Konten ini merupakan kerja sama dengan Kompasiana, setiap artikel menjadi tanggung jawab penulis dan tidak mewakili pandangan redaksi Kompas.com
Praktik clickbait atau judul konten yang dirancang untuk memancing orang melakukan klik banyak dijumpai pada media saat ini.
Tak hanya media abal-abal, media mainstream pun kini nyatanya ikut dalam arus pemberitaan dengan judul clickbait.
Biasanya konten clickbait sering menggunakan bahasa yang provokatif agar menarik perhatian pembaca, namun terkadang isinya tidak relavan dengan judul.
Dalam buku "Media Massa Nasional Menghadapi Disrupsi Digital", dosen Akademi Televisi Indonesia (ATVI) Jakarta, Agus Sudibyo, menyebutkan ketika trafik telah menjadi paradigma pemberitaan, tren jurnalisme clickbait pun mengemuka. Media-media siber terdorong untuk lebih mengejar kuantitas berita daripada kualitas.
"Media massa sering memproduksi berita dengan orientasi menghasilkan sebanyak mungkin klik, share, komentar, dan interaksi pembaca di sekitar konten. Upaya mengejar trafik lebih dominan dibandingkan upaya mendiskusikan solusi untuk mengatasi masalah," tulisnya.
Saya akan coba ambil contoh pada salah satu berita di media online akhir pekan lalu, yang mana “Ria Ricis Masuk DPO, Diburu Polisi Karena Diduga Jadi Pemasok Sabu di Tasikmalaya.”
Jika hanya membaca judul, pasti pembaca akan menduga Ria Ricis yang dimaksud adalah artis kondang. Namun setelah dibaca hingga bagian akhir, berita ini mengabarkan penangkapan seorang pengguna narkoba jenis sabu di Tasikmalaya. Setelah diperiksa, pengguna tersebut mendapatkan sabu dari seseorang dengan nama kontak Ria Ricis di ponselnya.
Adapun nama kontak Ria Ricis tersebut diduga merupakan nama samaran di daftar buku kontak ponsel tersangka yang diamankan. Sehingga jelaslah Ria Ricis yang dimaksud di sini bukanlah Ria Ricis yang selebritis.
Memang tidak ada definisi khusus apa itu clickbait. Akan tetapi, Ankesh Anand dalam tulisannya "We Used Neural Networks to Detect Clickbait" menyebut clickbait sebagai istilah yang digunakan pada judul berita, untuk 'menggoda' pembaca.
Ada pula yang mendefinisikan clickbait sebagai istilah bersifat peyoratif, menjadi konten yang ditujukan untuk menghasilkan pendapatan dari setiap suara klik (yang menggambarkan orang menekan tombol pada gawai) oleh pembaca berita.

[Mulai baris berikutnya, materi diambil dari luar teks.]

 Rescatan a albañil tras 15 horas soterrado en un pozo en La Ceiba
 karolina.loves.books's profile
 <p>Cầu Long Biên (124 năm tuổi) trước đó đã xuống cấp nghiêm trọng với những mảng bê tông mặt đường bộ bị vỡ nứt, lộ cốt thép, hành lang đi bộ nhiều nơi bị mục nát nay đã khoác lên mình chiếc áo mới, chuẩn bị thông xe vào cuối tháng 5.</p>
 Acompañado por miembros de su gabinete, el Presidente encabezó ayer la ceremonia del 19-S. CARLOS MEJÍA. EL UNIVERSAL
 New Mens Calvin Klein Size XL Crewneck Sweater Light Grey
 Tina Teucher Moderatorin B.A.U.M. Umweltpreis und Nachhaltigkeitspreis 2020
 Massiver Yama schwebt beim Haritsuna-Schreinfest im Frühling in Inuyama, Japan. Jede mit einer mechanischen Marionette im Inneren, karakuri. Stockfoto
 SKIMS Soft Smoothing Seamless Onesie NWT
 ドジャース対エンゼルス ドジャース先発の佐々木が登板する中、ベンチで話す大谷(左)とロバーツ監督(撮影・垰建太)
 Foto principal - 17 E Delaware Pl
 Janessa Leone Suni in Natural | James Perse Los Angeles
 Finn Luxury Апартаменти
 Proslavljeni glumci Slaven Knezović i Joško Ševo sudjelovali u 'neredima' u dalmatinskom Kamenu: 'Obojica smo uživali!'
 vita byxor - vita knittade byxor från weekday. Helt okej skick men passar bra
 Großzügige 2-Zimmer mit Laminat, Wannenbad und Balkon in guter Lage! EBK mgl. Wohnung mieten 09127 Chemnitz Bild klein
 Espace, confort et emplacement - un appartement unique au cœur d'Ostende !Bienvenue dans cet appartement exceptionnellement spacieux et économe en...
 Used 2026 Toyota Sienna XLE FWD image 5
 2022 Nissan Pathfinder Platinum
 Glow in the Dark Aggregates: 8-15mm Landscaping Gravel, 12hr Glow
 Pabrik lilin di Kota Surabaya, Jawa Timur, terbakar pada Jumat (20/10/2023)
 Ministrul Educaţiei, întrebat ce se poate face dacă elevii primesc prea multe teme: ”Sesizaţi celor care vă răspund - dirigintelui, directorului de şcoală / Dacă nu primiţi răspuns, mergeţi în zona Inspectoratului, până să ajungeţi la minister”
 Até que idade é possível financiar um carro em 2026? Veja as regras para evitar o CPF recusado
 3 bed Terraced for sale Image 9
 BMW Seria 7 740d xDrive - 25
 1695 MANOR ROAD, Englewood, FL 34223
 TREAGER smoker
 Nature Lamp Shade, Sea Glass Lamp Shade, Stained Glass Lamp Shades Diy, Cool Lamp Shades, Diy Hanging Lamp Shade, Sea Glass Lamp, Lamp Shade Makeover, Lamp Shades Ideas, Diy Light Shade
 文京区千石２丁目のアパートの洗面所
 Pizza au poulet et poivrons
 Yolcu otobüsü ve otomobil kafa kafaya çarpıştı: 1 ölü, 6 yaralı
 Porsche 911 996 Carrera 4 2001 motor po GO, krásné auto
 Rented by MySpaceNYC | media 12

Dalam pemaknaan ini, berita clickbait menggunakan tulisan tajuk yang sensasional atau foto berita yang menarik rasa penasaran pembaca untuk mengetahui lebih jauh apa isi berita yang disajikan.
Karena itu, Abhijnan Chakrabotty dalam tulisannya "Stop Clickbait: Detecting and Preventing Clickbaits in Online News Media", mengatakan berita clickbait memanfaatkan sisi kognitif manusia, yang disebut curiosity gap, alias keingintahuan (yang besar) terhadap sebuah informasi.
Dalam jagad pemberitaan masa kini, upaya memaksimalkan jumlah keterbacaan tiap artikel berita, menjadi situasi yang dihadapi, termasuk oleh media. Semain banyak yang membaca sebuah artikel, semakin menggelembung pula pageview sebuah media.
Kondisi ini pun kerap diasosiasikan dengan peluang untuk mendapatkan pengiklan. Apalagi sistem iklan yang berkembang saat ini sudah merambah pada layanan AdSense, dimana penerbit berita bisa memperoleh pendapatan dari setiap pembaca yang melihat iklan di berita.
Lantas, apakah salah jika media mainstream saat ini ikut "berenang" dalam arus pemberitaan berbasis clickbait atau adsense? Kalau pertanyaannya pilihan jawabannya salah atau tidak salah, maka tentu jawabannya adalah tidak salah.